Finch allows you to define how pay statement items are processed, categorized, or modified based on custom rules. This enables more customized payroll data management and streamlined operations. You can associate specific labels, track eligibilities, or perform reconciliation depending on your needs.

How It Works

To create a rule:

  1. Identify the metadata attributes that you would like to track for pay statement items (eg. item eligibiity or source code).
  2. Fetch all the unique pay statement items for a given connection from the /pay-statement-item endpoint to identify what the rules can be applied on for the connection.
  3. Identify what the rule should be (eg. for pay statement deduction items that are called “401k”, assign a label called “Pre-Tax EE Deferral”).
  4. Call the Finch POST /pay-statement-item/rules endpoints to create a rule.
  5. Use the other management endpoints (GET, PUT, DEL) to maintain those rules.

Once a rule has been created, Finch applies that rule for all pay statement items for that connection. When the rule conditions are met, metadata attributes will be appended to that pay statement item, which can be retrieved as part of /pay-statement or /pay-statement-item endpoints.

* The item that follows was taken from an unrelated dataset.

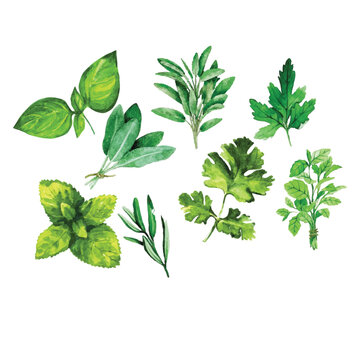 Watercolor plantain herbs vector, Watercolor Herbs Vector Art vector illustration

Note that pay statement item rules can only be applied to a specific connection. Universal rules are not supported currently.

Use Cases

  1. Categorizing Pay Statement Items Automatically: You can use rules to assign labels or categories to payroll items

    • If the name field is “Salary”, label it as “Base Compensation”.
    • If the name field is “Bonus”, label it as “Variable Pay”.
  2. Enforcing Deduction Policies: Automatically flag or process specific deductions

    • If the name field is “401k”, ensure it is categorized as a pre-tax deduction.
    • If the name field is “HSA”, add a metadata tag for tax-exempt handling.
  3. Managing Employer Contributions: You can use rules to track employer contributions separately

    • If the name field is “Health Insurance”, classify it as an employer contribution.
    • If the name field is “Retirement Match”, ensure proper tax treatment.
  4. Custom Payroll Data Processing

    • Apply a custom label to specific pay statement items to align with internal reporting.
    • Automatically reformat certain pay statement items for easier integration with reconciliation software.

Best Practices

  • Use clear and specific conditions: Avoid broad conditions that may unintentionally apply to multiple pay statement items.
  • Test rules before production use: Validate sample pay statements to ensure rules behave as expected.
  • Monitor rule execution: Regularly audit payroll processing results to identify any unexpected behaviors.